Résistant à ce forçage et à ce verrouillage qui fait retomber le dispositif, fondé sur la conjecture, dans une structure reposant sur une certitude28, la contre-censure peut alors laisser place à une ambiguïté cultivant du trouble et de l’incertitude, ces notions qui sont au cœur de la création artistique, de la recherche et de la pédagogie. On fait l’expérience dans les cours d’études visuelles par exemple du refus exprimé par certain·e·s étudiant·e·s d’étudier le court-métrage Guernica d’Alain Resnais (1950), corpus intermédial parfait pour travailler sur cette notion, puisque l’œuvre démonte et remonte le tableau de Picasso (1937), sur une bande-son déroulant un texte d’Éluard déclamé par la voix incantatoire de Maria Casarès. Même si Picasso était animé des meilleures intentions pour peindre ce tableau et pour dénoncer le fascisme et le nazisme, l’« affaire Picasso29 » qui a mis assez récemment en avant le comportement violent du peintre envers ses compagnes, dont on a pu dire qu’il leur cassait le visage et les montrait pleurant dans les portraits, le pinceau rendant la violence de l’homme pervers, la souffrance de la victime, fait de lui une persona non grata dans les cours et dans la recherche. Dans Guernica, une femme pleure son enfant comme une pietà dont Picasso a rendu la douleur avec force et tact. La mise en relation de cette femme éplorée et des représentations de Dora Maar, la compagne de Picasso (portraiturée sous le titre La Femme qui pleure), suffirait sans doute à créer du trouble, du doute, un jugement moins délibérément exclusif et unaire. Peut-on formuler avec certitude et exactitude la cause de tous ces pleurs sans amoindrir la complexité du vivant ?
Conclusion
La censure impose une conversion du regard et une conversion des œuvres elles-mêmes selon de nouveaux canons idéologiques, moraux et esthétiques. Cette porte d’entrée étroite donnant sur les œuvres, ce regard institué cherchant les indices d’une morale jugée défaillante tend à forger une nouvelle épistémologie déséquilibrée et un paradigme de l’exclusion, une homogénéisation des descriptions, des interprétations, des pratiques de création et de pédagogie, contre lesquels des principes d’hétérogénéité, de regard trouble et d’incertitude ont toute leur valeur. La démarche artistique, analytique et pédagogique doit continuer à résister au lissage formel et intellectuel, comme le signale le poète-performeur-théoricien Christophe Hanna :
Pour quelles raisons un jour se met-on à construire des dispositifs, pourquoi ne persévère-t-on pas à employer des formes qui n’en sont pas, c’est-à-dire des formes discursives linéaires homogènes ? Quel bénéfice symbolique ou pragmatique imagine-t-on tirer de l’hétérogénéité manifeste des constructions dispositales30 ?
La contre-censure, qui ne nie pas pour autant les implicites idéologiques présents dans les œuvres, lutte contre l’« homogène » sans aspérités, cet « unaire », cette « unité » (Barthes) qui vide la forme et sa substance, subordonne tout un ensemble à un code moral régulant les sujets.

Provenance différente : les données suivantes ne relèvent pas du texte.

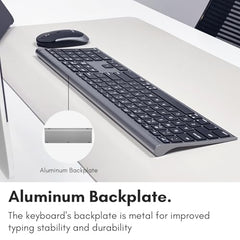 Macally Premium Bluetooth Keyboard and Mouse for Mac | Compatible Wireless Apple Keyboard and Mouse Combo (110 Keys Multi-Device Rechargeable) for MacBook Pro/Air and iMac - Space Gray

La plasticité aime se situer à l’endroit où se produit un écart, sur le lieu où l’on perçoit une différence et un changement d’état ou de position sous l’effet d’une opération singulière. Une poétique de la plasticité commence par l’ouverture de chantiers de recherche des écarts dans les états, à l’encontre de toute essentialisation.